Barbé clinched the prize for 'Best World Act' at this year’s West Australian Music Award ceremony held in Perth earlier in November.
Speaking to SNA in an email interview this week, Barbé said that the award means a lot as her career is not only about representing original and contemporary music, but also the Creole music and culture.
“There is a sense of pride that comes with being recognized, acknowledged and awarded for music that tell stories of your roots and culture. Music that captivates rhythms of the islands. Music that is not only sang in English, but also in Creole and French. I would not have created what I am creating now without that sense of culture, community and purpose,” she told SNA.
It’s the seventh 'Best World Act' prize won by Barbé and her band, alongside two ‘Song of the Year’ award, presented by the West Australian Music, during the course of her music career.
The nomination process for the award has a high threshold.

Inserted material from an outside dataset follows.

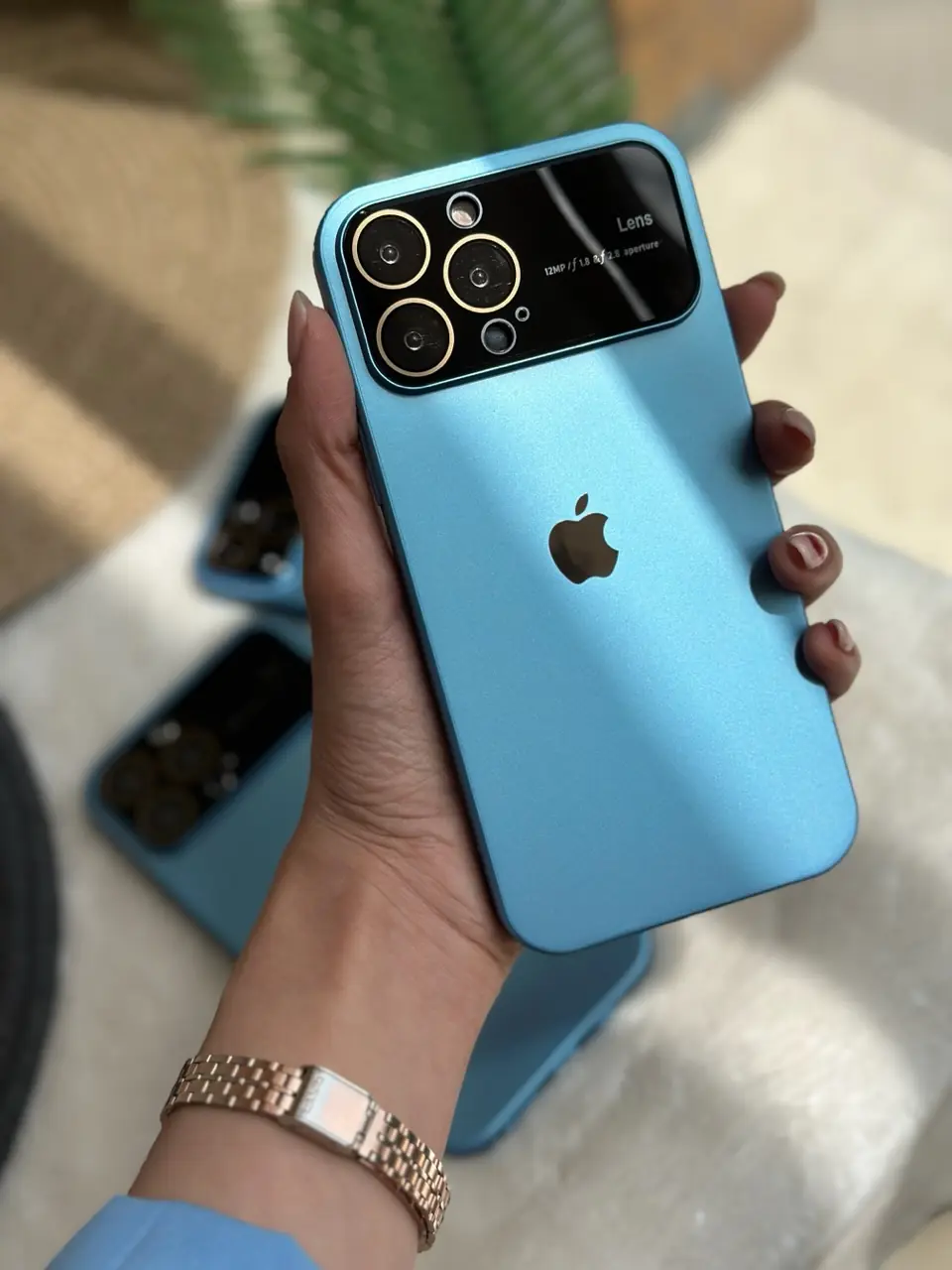 8436c2 قاب Sierra Blue PC Lens (کدC1236) - Image 1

A nominee must impress judges in the categories of originality, active performance, branding, touring, marketing and publicity, song writing, recordings, musicianship, and popularity.
West Australian Music is a body that aims to support, nurture and grow all forms of contemporary music helping artists to be recognized in Australia, as well as internationally. Having a number of awards in place is one of the ways it helps artists to get ahead.
Grace Barbé, who was born on Mahe, the Seychelles main island, moved permanently to Australia at the age of 16 where she started off performing for the Seychellois community living in Perth. Her mother and veteran musician Perley Hoareau known as ‘Ton Per’ -- one of the founding and original members of the Seychelles 60s band Le Boys -- are the two persons she describes as her mentors.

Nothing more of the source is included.